◆ ACTIVITY ◆
Nothing but an exact copy is asked for: the lines in the material below from the one with "GAP Pants - GAP" through the one with "Portland International Airport", pictures excluded.

◆ DATA FOR ANALYSIS ◆
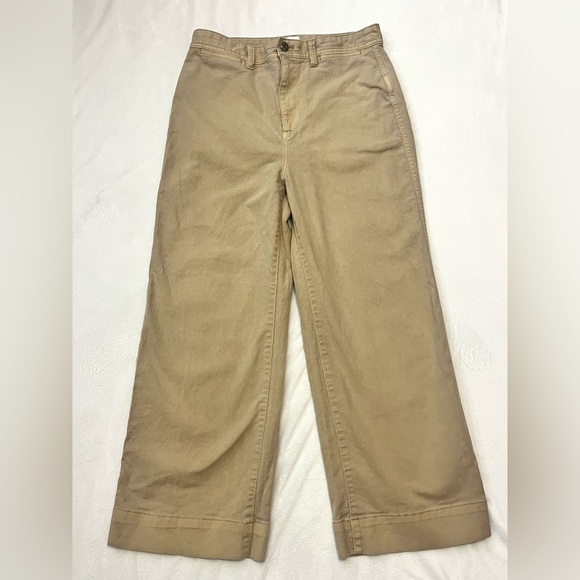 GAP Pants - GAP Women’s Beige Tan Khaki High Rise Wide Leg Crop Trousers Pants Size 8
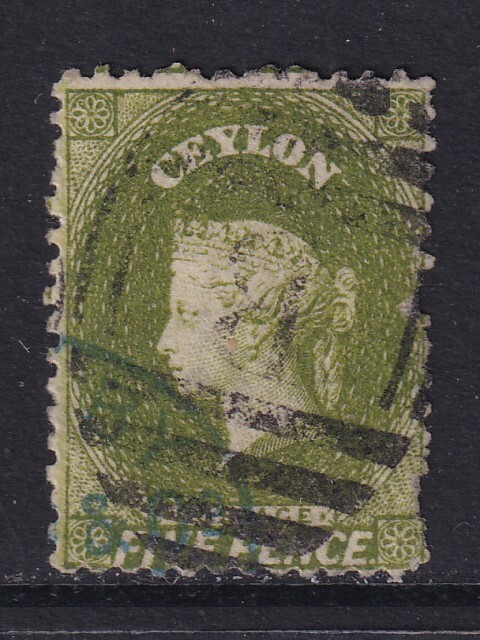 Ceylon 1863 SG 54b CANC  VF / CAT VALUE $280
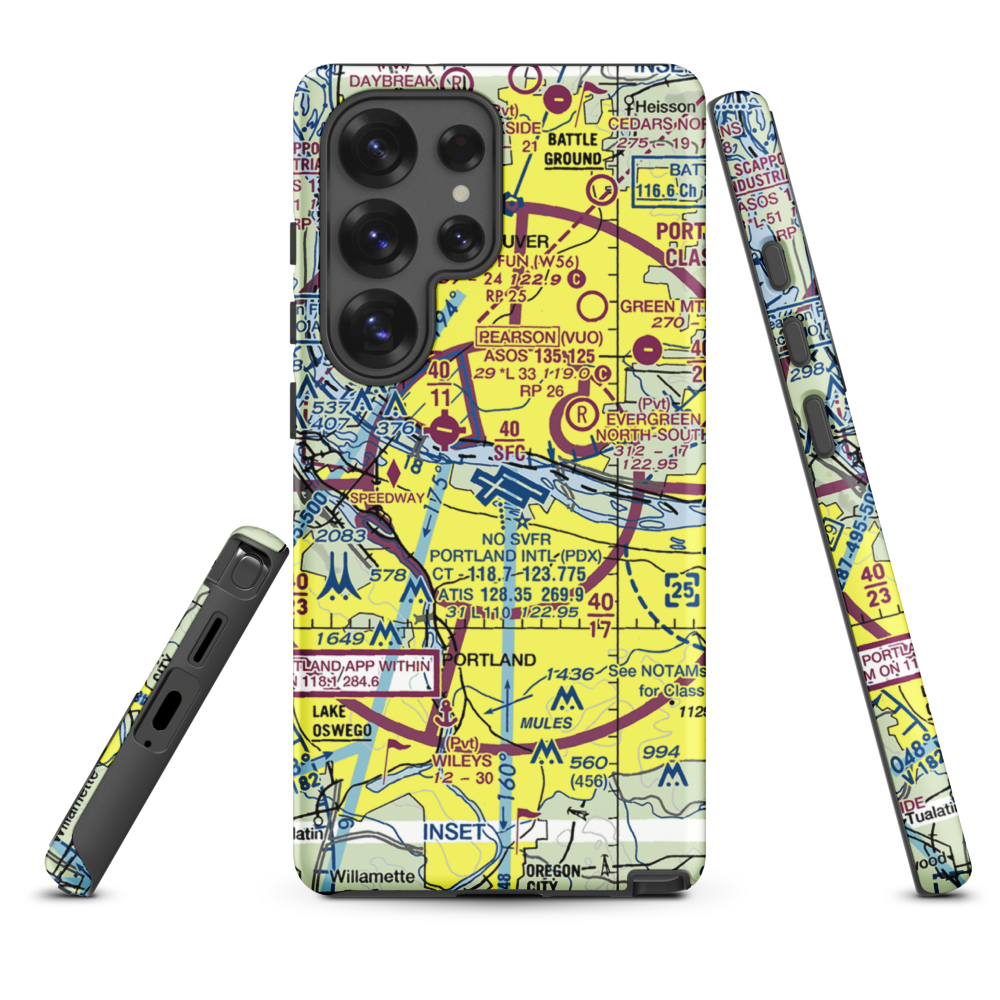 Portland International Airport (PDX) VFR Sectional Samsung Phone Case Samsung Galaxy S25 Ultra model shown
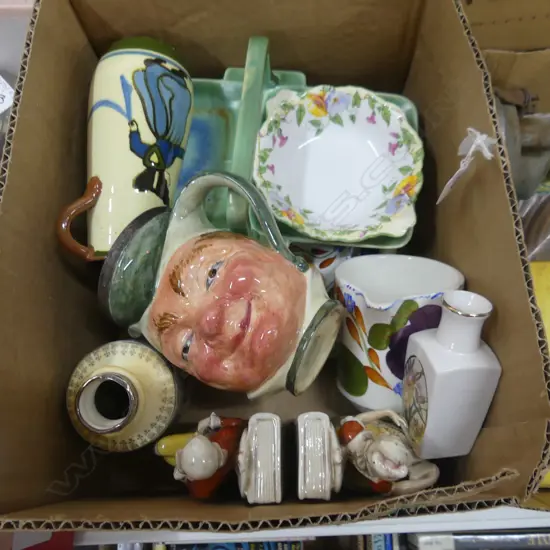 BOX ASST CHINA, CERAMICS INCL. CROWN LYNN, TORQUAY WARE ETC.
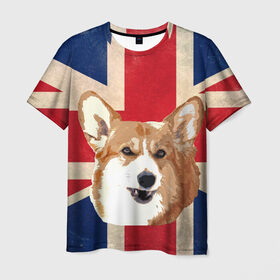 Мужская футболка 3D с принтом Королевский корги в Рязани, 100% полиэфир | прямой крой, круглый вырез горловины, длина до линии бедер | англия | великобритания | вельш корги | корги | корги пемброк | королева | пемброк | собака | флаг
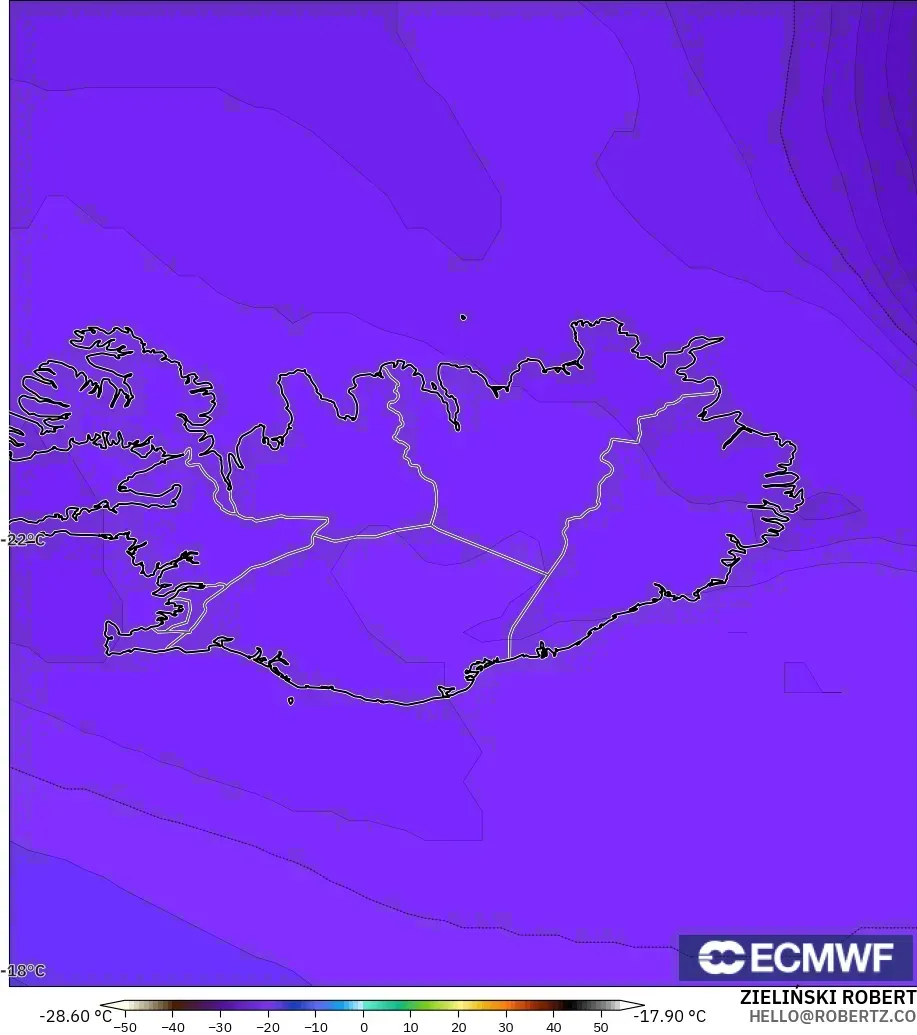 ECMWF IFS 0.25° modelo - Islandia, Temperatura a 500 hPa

...

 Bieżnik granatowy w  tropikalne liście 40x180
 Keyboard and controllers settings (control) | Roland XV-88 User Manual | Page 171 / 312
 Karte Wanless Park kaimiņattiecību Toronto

---

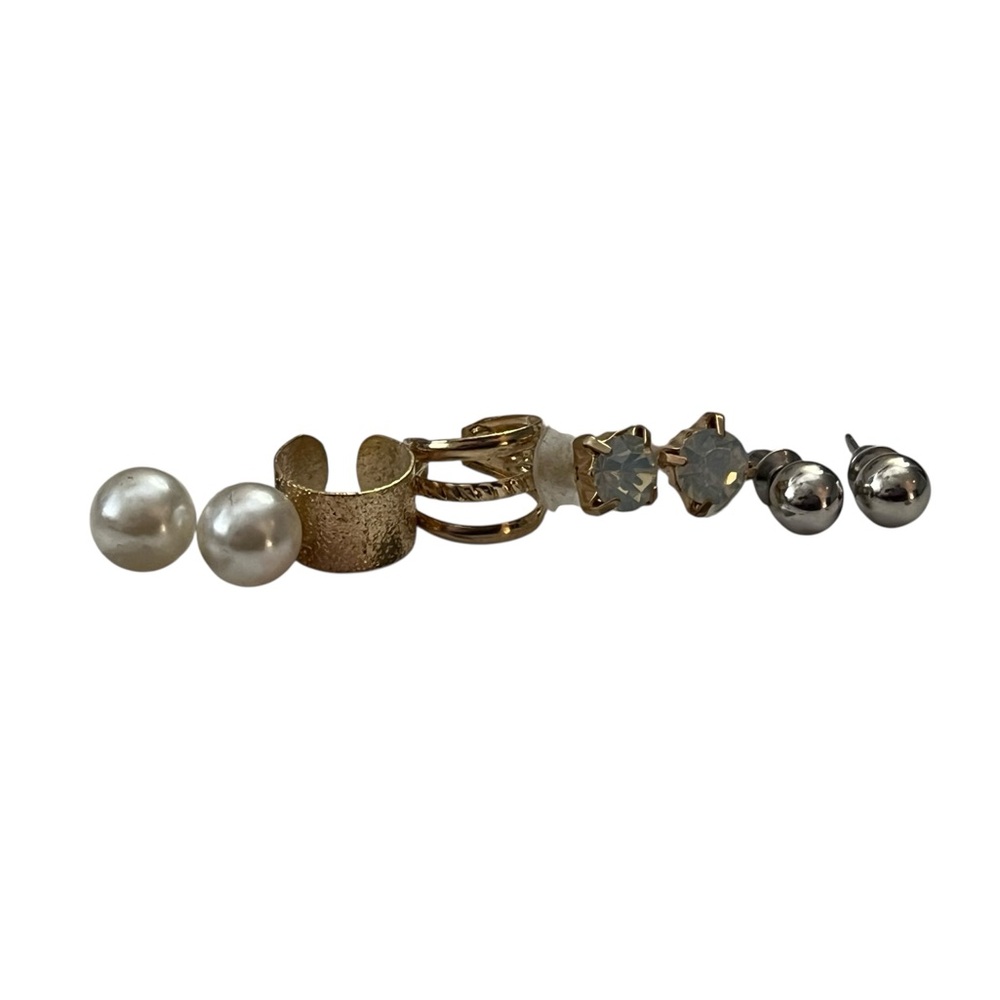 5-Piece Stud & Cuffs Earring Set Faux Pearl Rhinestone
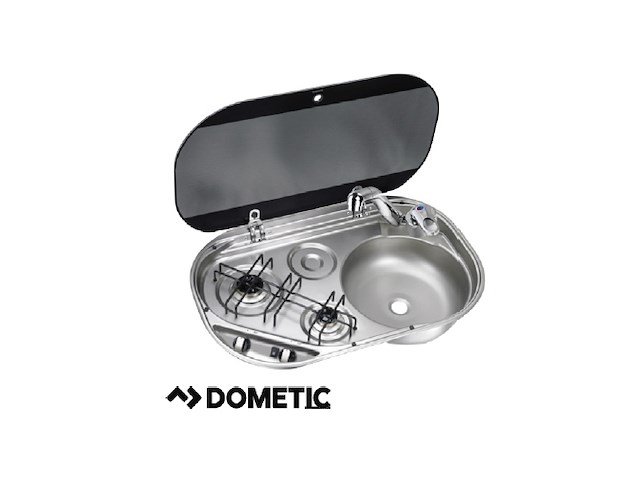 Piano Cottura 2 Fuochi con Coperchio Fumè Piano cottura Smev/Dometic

◆ SOLUTION TO THIS TASK ◆
 GAP Pants - GAP Women’s Beige Tan Khaki High Rise Wide Leg Crop Trousers Pants Size 8
 Ceylon 1863 SG 54b CANC  VF / CAT VALUE $280
 Portland International Airport (PDX) VFR Sectional Samsung Phone Case Samsung Galaxy S25 Ultra model shown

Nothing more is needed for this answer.